Is it true that it is no longer necessary to specify an initial token?
If so, how would you add a new node into a ring such that it guarantees
replicas are spread evenly across data centres? Is this achieved simply
by starting a new node in the opposite DC and watching the log for the
message that it's receiving requests, before bootstrapping the next
node? Or is it possible to bootstrap multiple nodes simultaneously
around the cluster and let Cassandra figure out the replica distribution
pattern?
I'm also curious about the distribution of keys across nodes. The talk
I've seen discusses how replicas are distributed around the cluster but
since its the number of keys on a node that really governs its load,
assuming all keys are retrieved with equal frequency, does the load
balancer also function to redistribute keys amongst the nodes?
Robin.
On Tue, 20100209 at 10:21 0600, Jonathan Ellis wrote:
> On Tue, Feb 9, 2010 at 3:13 AM, Jaakko <rosvopaallikko@gmail.com> wrote:
> > What they probably should do, is to just
> > consider nodes in the DC they are booting to, and try to balance load
> > evenly in that DC.
>
> I'm not sure what problem that would solve. It seems to me there are two goals:
>
> 1. don't transfer data across data centers
> 2. improve ring balance when you add nodes
>
> (1) should always be the case no matter where on the ring the node is
> since there will be at least one replica of each range in each DC.
>
> (2) is where we get into trouble here no matter which DC we add to.

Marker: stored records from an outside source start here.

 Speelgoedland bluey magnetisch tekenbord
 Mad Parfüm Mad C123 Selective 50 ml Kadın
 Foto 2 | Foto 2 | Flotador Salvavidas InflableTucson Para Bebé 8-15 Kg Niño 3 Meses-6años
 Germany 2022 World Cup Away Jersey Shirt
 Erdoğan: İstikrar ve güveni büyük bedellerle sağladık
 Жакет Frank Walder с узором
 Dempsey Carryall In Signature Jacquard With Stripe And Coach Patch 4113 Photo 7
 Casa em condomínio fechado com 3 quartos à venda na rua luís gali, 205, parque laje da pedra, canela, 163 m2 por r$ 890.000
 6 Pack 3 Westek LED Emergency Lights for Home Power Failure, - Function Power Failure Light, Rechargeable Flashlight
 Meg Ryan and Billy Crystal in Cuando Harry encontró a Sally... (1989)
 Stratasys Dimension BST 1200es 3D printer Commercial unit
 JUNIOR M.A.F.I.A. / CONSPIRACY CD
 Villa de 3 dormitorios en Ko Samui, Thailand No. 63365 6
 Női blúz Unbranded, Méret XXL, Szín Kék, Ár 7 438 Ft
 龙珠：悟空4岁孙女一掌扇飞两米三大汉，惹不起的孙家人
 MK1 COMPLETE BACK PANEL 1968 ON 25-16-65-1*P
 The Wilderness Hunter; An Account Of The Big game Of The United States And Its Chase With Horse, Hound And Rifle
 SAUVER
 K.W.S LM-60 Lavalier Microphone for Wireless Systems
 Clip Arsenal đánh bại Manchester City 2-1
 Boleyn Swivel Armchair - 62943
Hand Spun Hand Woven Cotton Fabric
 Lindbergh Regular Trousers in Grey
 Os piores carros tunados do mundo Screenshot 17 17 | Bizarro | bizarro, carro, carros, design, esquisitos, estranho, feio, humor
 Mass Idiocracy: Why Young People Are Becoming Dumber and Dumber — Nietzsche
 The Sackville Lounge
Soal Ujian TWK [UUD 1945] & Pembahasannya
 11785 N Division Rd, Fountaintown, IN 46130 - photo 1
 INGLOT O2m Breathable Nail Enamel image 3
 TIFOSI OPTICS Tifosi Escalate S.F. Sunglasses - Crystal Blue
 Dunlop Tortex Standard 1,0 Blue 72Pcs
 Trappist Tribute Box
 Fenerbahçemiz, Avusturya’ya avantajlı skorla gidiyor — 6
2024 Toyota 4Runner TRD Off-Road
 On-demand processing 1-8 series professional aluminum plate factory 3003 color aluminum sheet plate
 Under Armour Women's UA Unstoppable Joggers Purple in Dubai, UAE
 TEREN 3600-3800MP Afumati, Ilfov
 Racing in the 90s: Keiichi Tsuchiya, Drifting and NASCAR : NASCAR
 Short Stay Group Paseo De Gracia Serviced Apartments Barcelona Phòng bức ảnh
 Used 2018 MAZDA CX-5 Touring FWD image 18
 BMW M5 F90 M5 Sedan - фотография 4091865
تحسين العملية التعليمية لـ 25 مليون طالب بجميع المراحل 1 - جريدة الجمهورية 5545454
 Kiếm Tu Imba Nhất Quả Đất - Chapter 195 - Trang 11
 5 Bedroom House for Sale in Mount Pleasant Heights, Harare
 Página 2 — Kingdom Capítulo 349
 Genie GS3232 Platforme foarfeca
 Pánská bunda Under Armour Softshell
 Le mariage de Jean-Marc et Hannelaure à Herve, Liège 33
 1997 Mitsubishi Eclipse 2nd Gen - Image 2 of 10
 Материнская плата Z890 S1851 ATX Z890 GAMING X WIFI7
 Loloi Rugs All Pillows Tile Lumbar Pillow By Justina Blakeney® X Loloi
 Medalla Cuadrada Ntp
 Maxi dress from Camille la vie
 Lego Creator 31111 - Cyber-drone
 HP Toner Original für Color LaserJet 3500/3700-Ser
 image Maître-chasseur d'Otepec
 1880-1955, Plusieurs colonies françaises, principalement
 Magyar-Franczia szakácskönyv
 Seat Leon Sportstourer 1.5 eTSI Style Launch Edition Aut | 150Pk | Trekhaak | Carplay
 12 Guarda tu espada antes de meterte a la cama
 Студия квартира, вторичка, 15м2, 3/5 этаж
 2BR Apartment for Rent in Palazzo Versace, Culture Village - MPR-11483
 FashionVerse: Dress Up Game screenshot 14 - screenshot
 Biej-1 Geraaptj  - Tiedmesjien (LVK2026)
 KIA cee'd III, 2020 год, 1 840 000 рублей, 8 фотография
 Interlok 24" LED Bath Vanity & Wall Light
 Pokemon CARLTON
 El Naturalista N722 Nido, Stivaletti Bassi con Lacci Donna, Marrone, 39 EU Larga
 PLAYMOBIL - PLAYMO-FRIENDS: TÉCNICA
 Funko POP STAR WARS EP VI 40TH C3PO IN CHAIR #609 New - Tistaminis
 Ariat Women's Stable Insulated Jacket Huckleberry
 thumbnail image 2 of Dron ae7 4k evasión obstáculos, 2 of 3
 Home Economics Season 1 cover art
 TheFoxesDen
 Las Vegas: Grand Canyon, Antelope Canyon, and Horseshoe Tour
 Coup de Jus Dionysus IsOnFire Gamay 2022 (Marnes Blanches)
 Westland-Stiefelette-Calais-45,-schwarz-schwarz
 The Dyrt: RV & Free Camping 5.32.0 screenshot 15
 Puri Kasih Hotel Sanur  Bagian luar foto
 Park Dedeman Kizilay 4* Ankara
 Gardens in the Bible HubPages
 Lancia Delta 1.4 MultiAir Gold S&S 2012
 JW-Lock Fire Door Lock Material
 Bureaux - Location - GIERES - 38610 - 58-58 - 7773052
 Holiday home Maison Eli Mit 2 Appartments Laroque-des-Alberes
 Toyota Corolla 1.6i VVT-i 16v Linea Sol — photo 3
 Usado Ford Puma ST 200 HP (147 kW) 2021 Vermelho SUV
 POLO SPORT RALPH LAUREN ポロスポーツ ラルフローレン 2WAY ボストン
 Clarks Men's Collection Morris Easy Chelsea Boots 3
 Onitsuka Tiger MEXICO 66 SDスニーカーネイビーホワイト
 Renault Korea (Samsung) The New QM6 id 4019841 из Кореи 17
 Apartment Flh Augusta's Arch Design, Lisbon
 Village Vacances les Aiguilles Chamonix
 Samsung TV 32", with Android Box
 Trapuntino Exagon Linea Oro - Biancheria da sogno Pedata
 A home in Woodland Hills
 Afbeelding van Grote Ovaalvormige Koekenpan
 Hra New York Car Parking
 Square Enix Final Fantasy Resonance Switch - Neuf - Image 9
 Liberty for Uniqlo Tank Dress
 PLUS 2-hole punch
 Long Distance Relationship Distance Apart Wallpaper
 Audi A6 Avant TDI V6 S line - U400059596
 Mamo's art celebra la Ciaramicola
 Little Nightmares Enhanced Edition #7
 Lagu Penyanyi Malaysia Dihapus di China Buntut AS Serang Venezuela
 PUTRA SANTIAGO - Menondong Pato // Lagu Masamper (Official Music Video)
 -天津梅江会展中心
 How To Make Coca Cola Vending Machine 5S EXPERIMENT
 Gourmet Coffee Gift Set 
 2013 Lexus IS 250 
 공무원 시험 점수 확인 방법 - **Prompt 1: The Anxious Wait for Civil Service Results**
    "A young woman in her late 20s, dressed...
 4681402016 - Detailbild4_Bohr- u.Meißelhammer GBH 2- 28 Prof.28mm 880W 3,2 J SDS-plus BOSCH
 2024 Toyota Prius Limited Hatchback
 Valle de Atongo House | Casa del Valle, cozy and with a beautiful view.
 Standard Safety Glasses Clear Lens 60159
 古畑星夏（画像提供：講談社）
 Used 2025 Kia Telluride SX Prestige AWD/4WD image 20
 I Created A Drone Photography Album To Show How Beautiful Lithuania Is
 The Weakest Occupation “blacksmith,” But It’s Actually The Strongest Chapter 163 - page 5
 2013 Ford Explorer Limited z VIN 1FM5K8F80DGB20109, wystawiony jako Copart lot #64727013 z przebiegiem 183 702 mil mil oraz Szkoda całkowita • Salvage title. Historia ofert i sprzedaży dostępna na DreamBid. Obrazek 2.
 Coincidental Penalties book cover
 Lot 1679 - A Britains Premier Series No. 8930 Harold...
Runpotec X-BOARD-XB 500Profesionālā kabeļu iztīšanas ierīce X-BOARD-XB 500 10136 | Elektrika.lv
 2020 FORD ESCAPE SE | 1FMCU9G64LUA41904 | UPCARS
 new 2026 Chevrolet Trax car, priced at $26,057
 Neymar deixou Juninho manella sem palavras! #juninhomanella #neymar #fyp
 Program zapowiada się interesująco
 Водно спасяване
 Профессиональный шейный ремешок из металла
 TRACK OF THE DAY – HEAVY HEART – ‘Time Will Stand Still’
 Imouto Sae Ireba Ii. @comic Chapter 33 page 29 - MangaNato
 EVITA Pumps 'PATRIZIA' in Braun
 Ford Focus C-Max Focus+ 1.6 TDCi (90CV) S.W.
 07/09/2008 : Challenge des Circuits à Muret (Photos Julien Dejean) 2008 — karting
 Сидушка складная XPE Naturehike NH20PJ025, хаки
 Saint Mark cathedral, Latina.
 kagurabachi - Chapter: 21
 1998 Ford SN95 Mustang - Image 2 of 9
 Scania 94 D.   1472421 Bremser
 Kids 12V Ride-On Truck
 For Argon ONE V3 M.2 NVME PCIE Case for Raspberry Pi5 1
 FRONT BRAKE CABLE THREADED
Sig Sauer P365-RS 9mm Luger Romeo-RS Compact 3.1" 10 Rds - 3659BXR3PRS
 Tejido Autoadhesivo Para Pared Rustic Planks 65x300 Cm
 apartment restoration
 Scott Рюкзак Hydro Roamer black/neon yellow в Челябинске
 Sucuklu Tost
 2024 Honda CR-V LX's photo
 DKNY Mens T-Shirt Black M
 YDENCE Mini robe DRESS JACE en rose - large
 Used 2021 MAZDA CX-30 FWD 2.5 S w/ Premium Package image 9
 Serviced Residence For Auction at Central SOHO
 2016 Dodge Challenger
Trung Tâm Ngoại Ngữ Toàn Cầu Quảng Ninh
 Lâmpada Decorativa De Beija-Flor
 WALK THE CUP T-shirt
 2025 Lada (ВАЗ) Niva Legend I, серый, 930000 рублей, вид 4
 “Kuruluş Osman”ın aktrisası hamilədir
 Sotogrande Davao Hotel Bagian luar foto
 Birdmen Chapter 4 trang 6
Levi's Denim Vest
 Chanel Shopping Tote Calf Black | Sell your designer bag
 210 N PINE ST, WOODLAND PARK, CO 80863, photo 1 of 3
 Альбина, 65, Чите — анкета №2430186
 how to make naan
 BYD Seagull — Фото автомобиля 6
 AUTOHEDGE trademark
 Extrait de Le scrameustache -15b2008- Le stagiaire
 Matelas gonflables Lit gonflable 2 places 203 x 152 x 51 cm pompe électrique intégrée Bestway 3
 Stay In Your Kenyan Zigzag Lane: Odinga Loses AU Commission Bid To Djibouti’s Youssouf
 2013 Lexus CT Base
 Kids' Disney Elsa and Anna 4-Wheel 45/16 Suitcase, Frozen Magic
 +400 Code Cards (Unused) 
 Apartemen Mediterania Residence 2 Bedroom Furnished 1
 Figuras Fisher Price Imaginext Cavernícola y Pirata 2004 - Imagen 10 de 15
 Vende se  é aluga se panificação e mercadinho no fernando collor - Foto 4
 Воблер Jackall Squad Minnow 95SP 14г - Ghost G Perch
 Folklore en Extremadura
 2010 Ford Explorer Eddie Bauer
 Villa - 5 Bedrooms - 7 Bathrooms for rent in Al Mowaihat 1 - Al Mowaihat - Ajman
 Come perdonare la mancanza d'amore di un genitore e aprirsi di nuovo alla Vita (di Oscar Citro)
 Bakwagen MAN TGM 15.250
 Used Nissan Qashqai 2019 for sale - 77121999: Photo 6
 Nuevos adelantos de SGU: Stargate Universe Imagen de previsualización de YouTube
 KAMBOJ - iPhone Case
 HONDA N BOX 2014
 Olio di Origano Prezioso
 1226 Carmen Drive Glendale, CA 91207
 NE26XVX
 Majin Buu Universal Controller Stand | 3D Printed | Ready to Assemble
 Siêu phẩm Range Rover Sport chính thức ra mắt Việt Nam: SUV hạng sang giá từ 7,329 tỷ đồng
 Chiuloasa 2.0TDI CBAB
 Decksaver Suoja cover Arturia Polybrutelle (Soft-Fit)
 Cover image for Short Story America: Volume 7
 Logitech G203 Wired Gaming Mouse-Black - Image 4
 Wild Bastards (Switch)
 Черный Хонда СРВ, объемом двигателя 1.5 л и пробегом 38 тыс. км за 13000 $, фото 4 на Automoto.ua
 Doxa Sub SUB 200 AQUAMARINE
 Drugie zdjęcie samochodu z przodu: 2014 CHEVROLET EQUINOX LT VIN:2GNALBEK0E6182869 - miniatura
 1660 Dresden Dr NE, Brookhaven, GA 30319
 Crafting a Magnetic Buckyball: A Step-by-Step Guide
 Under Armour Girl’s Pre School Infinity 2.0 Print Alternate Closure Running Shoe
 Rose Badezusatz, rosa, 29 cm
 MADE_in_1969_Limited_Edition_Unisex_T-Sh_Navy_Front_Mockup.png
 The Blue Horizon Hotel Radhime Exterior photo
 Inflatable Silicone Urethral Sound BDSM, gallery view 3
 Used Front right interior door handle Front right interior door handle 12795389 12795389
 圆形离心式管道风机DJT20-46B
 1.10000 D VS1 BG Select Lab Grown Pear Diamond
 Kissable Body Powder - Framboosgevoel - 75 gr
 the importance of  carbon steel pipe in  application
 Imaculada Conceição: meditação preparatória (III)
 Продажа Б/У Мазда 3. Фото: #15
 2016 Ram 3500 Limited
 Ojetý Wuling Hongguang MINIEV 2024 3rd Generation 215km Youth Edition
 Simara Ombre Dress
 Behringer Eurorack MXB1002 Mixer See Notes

> (a) if we add to G's DC, X will get all the replicas G has, remaining
> unbalanced
> (b) if we add to the other DC, G will still be hit from all the
> replicas from the other DC
>
> So ISTM that the only real solution is to do what we say in the
> Operations page, and make sure that nodes on the ring alternate DCs.
> I don't think only considering nodes in the same DC helps with that.
>
> Jonathan